++++ Provided data

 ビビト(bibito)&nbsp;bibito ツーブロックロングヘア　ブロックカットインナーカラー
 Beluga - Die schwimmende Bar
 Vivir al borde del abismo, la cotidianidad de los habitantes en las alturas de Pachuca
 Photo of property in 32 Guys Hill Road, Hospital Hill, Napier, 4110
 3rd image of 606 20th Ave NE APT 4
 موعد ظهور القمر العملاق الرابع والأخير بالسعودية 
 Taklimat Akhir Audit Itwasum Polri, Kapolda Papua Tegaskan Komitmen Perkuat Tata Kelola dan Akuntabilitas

++++++++

> [Task brief] Return the entries above word for word.

> [Exercise response]
 ビビト(bibito)&nbsp;bibito ツーブロックロングヘア　ブロックカットインナーカラー
 Beluga - Die schwimmende Bar
 Vivir al borde del abismo, la cotidianidad de los habitantes en las alturas de Pachuca
 Photo of property in 32 Guys Hill Road, Hospital Hill, Napier, 4110
 3rd image of 606 20th Ave NE APT 4
 موعد ظهور القمر العملاق الرابع والأخير بالسعودية 
 Taklimat Akhir Audit Itwasum Polri, Kapolda Papua Tegaskan Komitmen Perkuat Tata Kelola dan Akuntabilitas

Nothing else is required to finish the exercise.